I now wrote a somewhat working script that converts x86-64 DWARF CFI into compact unwind descriptors. It is not 100% accurate (DWARF CFI permits overappoximating saved registers), but it should be good enough for evaluation purposes. I built LLVM with GCC 15/Clang 21 (-O3) with and without frame pointer. There’re no LSDAs here, as we compile with -fno-exceptions.

Problems

Before getting into details, I’m putting the problems I noticed up front so that there’s a higher chance they get read.

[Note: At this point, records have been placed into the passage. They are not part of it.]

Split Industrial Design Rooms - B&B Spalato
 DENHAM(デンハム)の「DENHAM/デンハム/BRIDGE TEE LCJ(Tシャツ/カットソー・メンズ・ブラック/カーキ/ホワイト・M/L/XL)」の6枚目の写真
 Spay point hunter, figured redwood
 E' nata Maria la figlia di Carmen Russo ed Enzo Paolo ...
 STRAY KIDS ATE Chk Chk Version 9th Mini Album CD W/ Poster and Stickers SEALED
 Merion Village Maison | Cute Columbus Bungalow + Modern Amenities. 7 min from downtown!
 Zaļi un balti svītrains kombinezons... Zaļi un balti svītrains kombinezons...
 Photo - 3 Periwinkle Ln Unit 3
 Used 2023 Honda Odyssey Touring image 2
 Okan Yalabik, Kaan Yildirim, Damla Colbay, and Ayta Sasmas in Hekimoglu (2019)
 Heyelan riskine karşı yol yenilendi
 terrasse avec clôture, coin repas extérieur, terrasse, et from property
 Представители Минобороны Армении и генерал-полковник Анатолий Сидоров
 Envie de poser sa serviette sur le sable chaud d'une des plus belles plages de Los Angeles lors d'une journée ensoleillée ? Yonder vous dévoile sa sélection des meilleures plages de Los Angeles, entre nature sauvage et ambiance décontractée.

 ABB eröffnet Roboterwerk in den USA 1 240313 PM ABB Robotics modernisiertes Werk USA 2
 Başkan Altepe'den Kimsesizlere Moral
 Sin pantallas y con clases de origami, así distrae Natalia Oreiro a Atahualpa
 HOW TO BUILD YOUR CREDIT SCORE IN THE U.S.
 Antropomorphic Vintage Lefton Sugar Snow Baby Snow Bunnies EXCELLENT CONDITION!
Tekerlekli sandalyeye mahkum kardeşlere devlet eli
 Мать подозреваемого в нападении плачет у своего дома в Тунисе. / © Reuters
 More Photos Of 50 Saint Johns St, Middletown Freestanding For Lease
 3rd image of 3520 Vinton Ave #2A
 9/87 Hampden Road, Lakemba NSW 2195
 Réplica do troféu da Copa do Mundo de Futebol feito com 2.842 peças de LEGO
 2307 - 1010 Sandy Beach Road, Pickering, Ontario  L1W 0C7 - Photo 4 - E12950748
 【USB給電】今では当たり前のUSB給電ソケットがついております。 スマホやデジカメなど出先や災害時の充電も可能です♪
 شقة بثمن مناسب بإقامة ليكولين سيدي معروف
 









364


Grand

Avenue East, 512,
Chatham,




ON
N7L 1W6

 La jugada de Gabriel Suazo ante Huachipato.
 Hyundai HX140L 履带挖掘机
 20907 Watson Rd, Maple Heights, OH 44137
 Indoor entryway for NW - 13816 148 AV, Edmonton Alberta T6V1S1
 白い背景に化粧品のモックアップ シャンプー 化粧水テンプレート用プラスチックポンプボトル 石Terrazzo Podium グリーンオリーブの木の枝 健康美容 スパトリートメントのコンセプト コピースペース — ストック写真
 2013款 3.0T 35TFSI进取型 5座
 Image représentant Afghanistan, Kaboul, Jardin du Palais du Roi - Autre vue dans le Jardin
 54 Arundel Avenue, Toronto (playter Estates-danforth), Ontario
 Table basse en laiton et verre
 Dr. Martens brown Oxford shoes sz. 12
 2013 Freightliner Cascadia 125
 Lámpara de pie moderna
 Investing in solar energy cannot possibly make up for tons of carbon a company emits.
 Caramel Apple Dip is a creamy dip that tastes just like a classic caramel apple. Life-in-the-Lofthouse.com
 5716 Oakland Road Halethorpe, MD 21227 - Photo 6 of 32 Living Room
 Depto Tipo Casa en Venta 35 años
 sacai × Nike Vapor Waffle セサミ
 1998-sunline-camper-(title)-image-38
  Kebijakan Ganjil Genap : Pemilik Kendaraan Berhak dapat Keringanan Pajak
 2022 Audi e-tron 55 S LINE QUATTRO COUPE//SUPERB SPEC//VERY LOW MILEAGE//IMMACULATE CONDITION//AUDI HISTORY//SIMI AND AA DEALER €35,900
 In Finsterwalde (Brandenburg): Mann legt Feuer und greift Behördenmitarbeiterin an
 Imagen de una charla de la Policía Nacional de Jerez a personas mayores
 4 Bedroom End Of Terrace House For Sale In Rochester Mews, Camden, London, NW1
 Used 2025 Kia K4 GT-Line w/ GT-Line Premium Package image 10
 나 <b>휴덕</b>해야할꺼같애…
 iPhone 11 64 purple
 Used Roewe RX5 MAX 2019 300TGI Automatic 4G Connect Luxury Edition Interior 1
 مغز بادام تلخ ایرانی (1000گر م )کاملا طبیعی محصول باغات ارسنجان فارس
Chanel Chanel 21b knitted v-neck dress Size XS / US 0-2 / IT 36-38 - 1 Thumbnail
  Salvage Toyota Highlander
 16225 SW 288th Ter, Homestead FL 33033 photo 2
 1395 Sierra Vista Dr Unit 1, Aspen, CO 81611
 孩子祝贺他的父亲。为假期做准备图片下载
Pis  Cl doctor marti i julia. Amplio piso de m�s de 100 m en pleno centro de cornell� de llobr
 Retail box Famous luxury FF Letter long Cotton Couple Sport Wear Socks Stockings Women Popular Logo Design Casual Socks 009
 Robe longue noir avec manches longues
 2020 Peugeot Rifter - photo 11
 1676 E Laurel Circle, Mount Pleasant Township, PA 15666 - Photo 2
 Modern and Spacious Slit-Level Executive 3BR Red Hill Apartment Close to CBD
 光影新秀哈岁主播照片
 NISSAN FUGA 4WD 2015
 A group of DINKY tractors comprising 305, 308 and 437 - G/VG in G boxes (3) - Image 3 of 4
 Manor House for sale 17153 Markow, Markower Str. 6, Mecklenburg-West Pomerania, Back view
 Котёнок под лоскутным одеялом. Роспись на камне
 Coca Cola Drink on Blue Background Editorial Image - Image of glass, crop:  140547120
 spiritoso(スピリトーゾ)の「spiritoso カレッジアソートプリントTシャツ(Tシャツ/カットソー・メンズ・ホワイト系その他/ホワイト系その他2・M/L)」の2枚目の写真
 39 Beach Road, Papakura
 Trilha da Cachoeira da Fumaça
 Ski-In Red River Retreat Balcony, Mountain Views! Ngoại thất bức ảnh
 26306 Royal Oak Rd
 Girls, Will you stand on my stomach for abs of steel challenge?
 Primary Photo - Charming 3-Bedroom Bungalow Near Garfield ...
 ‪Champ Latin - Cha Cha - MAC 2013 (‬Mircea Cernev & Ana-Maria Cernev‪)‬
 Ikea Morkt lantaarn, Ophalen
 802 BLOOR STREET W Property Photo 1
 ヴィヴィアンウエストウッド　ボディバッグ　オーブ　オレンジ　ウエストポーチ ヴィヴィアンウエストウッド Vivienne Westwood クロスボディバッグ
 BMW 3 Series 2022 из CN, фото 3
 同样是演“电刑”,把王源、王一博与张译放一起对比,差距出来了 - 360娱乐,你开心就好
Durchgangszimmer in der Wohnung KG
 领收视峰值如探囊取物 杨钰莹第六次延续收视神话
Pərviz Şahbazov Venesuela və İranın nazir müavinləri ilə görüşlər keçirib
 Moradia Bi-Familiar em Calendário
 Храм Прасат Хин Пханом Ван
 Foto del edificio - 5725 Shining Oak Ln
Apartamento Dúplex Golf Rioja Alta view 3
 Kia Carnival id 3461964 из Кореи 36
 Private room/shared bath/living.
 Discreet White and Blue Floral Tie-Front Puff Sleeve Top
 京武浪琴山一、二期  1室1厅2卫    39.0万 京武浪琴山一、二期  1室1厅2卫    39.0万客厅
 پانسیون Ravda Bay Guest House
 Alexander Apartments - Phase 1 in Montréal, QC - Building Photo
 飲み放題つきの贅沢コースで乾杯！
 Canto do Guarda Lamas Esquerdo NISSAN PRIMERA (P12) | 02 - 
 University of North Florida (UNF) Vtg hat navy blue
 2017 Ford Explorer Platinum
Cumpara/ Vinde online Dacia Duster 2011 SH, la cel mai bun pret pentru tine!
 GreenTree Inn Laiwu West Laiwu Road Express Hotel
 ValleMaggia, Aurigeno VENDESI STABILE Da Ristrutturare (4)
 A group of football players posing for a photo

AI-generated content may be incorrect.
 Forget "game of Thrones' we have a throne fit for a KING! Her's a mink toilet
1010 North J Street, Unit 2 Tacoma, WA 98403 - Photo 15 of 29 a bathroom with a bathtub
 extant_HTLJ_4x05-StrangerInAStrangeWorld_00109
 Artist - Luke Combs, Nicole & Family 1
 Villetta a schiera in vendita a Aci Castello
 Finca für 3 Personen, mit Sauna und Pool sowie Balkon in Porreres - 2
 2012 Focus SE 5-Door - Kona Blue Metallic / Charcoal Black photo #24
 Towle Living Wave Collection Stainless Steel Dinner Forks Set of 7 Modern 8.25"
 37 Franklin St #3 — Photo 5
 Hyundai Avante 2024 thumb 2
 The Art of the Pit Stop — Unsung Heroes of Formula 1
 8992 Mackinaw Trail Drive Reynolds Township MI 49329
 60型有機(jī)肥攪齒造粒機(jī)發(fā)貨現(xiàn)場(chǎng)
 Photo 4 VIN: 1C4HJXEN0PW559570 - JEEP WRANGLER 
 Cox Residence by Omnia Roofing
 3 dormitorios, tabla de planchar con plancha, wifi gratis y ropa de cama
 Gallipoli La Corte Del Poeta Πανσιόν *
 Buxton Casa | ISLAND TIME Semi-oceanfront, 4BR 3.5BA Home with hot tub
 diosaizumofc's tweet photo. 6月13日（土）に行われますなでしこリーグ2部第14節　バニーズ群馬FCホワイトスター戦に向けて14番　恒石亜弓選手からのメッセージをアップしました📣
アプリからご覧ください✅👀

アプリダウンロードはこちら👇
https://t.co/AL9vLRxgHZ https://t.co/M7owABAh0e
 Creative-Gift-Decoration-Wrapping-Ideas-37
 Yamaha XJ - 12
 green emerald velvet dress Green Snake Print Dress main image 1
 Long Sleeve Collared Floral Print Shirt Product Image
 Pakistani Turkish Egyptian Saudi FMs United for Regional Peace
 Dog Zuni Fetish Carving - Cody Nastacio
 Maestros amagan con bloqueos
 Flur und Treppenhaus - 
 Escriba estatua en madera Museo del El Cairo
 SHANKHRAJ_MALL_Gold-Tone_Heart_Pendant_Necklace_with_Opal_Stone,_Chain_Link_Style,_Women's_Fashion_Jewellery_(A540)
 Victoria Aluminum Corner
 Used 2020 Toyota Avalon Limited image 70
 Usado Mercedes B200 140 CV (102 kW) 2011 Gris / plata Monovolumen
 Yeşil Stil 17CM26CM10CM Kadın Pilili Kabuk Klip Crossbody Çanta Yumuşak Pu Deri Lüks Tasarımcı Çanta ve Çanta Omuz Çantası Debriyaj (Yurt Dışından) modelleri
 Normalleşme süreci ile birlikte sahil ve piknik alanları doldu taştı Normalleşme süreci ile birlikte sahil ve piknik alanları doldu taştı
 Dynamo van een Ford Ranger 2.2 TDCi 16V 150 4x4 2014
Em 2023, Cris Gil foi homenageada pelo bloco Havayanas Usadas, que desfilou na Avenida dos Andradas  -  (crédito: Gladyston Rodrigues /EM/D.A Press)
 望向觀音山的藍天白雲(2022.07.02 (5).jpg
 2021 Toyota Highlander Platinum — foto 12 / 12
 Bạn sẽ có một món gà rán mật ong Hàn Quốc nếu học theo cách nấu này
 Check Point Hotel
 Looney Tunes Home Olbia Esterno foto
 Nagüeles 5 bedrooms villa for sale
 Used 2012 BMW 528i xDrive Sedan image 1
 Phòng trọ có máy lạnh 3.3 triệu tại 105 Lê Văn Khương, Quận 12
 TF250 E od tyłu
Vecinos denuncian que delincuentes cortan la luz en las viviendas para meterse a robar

• -fstack-clash-protection: There is more than one sub rsp. Linux distributions enable this hardening feature and stack frames >4kiB are not uncommon, so I think we need to support this.
• DW_CFA_GNU_args_size: this x86-only opcode prevent leakage of stack memory from stack-passed arguments when an exception is caught. I see no way to encode this; ARM doesn’t have this. I don’t think we need to support this; if this is important, it can be added to the LSDA.
• GCC really likes mixing instructions into prologues, this would need to stop.

Data

• Number of functions that, right now, can use compact unwind descriptors: Clang-FP 99.99%, Clang-NoFP 97.7%, GCC-FP 78.3%, GCC-NoFP: 64.7%. Most common reasons for failures:
  • push-<sth else>-push sequences (GCC)
  • push rbp-<sth else>-mov rbp,rsp sequences (GCC)
  • <prologue>-<code>-push-push-call sequences (Clang, GCC)
  • These sequences are easily fixable.
• Distribution of number of descriptors per function (total, 1, 2, 3, more):
  • libLLVM-clang-fp.so 82987 53714 26600 2166 507
  • libLLVM-clang-nofp.so 81041 51707 25835 2572 927
  • libLLVM-gcc-fp.so 66352 35511 25379 3974 1488
  • libLLVM-gcc-nofp.so 75530 57449 14976 2145 960
  • Essentially, one descriptor per duplicated tail. There are outliers: 222 functions (across all builds) would need 10 or more, the extreme case is llvm::X86GenSubtargetInfo::resolveSchedClass in GCC-FP with 361 tails.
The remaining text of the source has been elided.